Искать новые пути...
Фото Владимира Коркунова

Необходимая преамбула. Статью «Литературно-критический садомазохизм» я на днях обнаружил в своем архиве. Она была написана в конце 2007 года – специально для дискуссии о состоянии современной критики, развернувшейся на страницах «Литературной России» (ЛР, 2007, №№ 48–51). И однако не была опубликована. По двум причинам.

Во-первых, в глубине души я надеялся обнаружить среди молодых критиков хотя бы одного единомышленника. К сожалению, озвученные точки зрения – Романа Сенчина, Захара Прилепина, Дарьи Марковой, Натальи Рубановой, Ольги Рычковой, Валерии Пустовой и Андрея Рудалева – не показались мне сколько-нибудь близкими.

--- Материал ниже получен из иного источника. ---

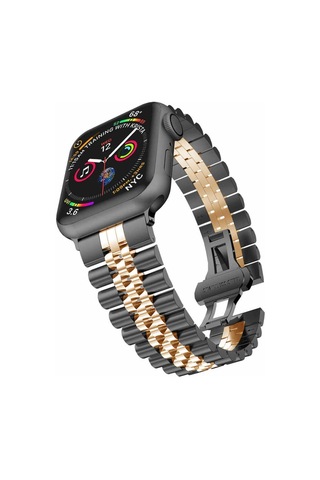 Watch Ultra 49mm Kordon Uyumlu Krd-36 Metal Strap Kayış Mkst- Gümüş-siyah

Во-вторых, резкость моих выводов испугала меня самого. И, как сейчас вижу, не напрасно. По-видимому, я руководствовался лозунгом Ницше: «Сегодня я думаю так, а завтра, возможно, иначе». Или сознательно минировал собственные построения.

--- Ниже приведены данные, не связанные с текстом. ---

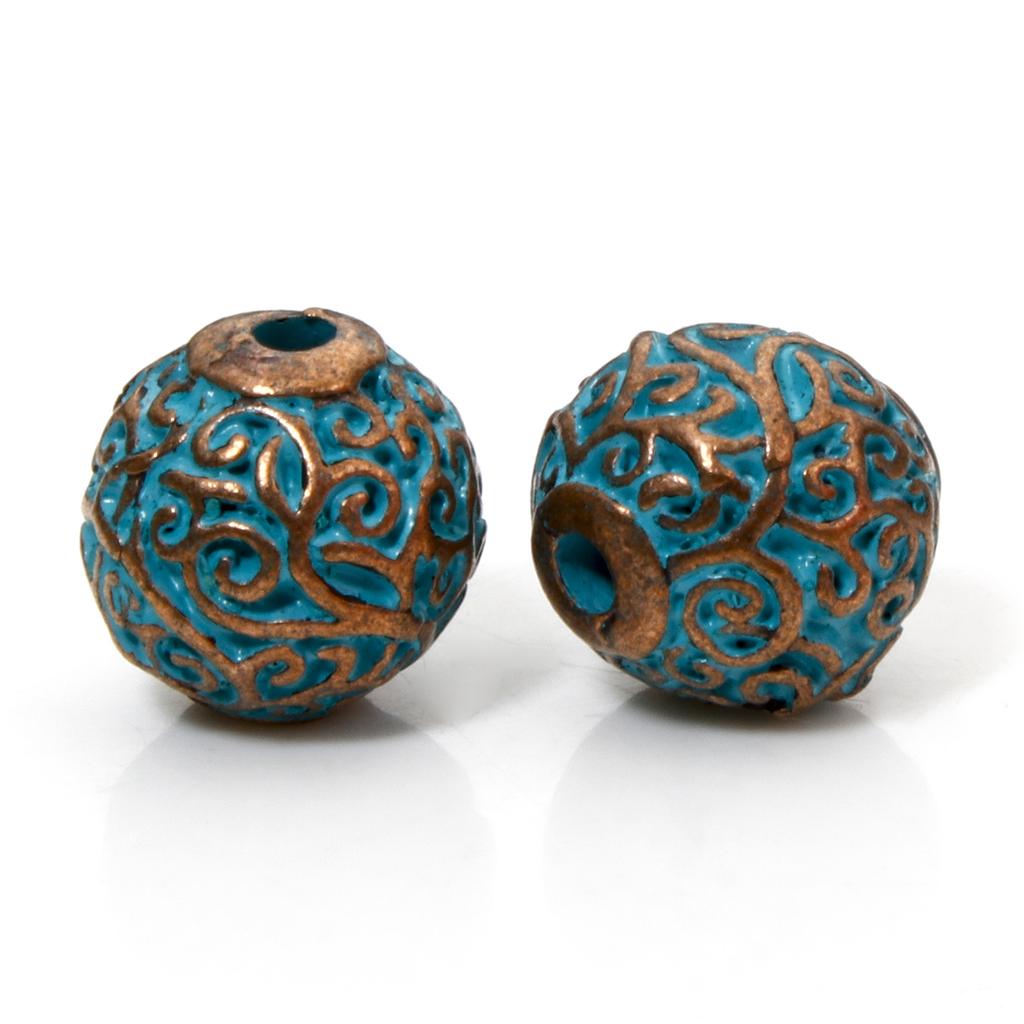 10 Pièces Alliage à Base de Zinc Perles Espacement Patinées Pour Fabrication de Bijoux DIY Charme Motif Rond Sculpté Cuivre Antique Bleu Fermoirs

Сегодня считаю, что в той дискуссии фаворитов нет. В корне ошибочные воззрения высказали как мои коллеги в своих напечатанных статьях, так и я – в своем неопубликованном эссе.

Это, конечно, нонсенс – обнародовать под своей фамилией статью более чем трехлетней давности, которую считаешь устаревшей и от каждой мысли которой готов откреститься. Однако, мне кажется, что она выпукло отражает характерную позицию, некий сильнейший интеллектуальный соблазн. И, может быть, кого-то удержит от искушения пойти путем, с которого я сам вовремя свернул… Кто знает? Май 2011 года.

Мне кажется, что четче всех традиционный взгляд на сущность литературной критики изложила Ирина Роднянская во вступлении к двухтомному собранию своих статей «Движение литературы» (М., 2006). По ее мнению, работа критика состоит из двух этапов. Первый этап – ответ на вопросы: «В чем состоял замысел автора? В какой мере автору удалось реализовать этот замысел?». Второй этап – «это неизбежное сопоставление истины данного произведения с той истиной, которую исследователь считает объективной, или, если угодно, высшей». Валерия Пустовая, наиболее успешно продолжающая традицию русской толстожурнальной критики, присоединилась к такому воззрению (ЛР, 2006, № 52).

Для меня этот путь абсолютно неприемлем. Никакого «долга» критика перед текстом, а, тем более, автором текста, не существует. Религиозно-мазохистская лексика в устах литературного критика может только настораживать: «жертвенность», «послушание», «служение тексту», «распирающий интерес к Другому» и т.д. Все это – атавизмы, отражающие генеалогическую связь между литературной критикой и экзегетикой священных текстов. Эти атавизмы так же принадлежат прошлому, как и «право первой ночи» толстожурнального критика, выступавшего на протяжении всего XIX века в качестве первого читателя-промоутера-интерпретатора литературного произведения.

Традиционное воззрение подразумевает, что всякий текст имеет явно или имплицитно выраженный «аутентичный смысл». Разночтения в отношении этого смысла возникают по двум причинам – либо по вине писателя, либо по вине читателя.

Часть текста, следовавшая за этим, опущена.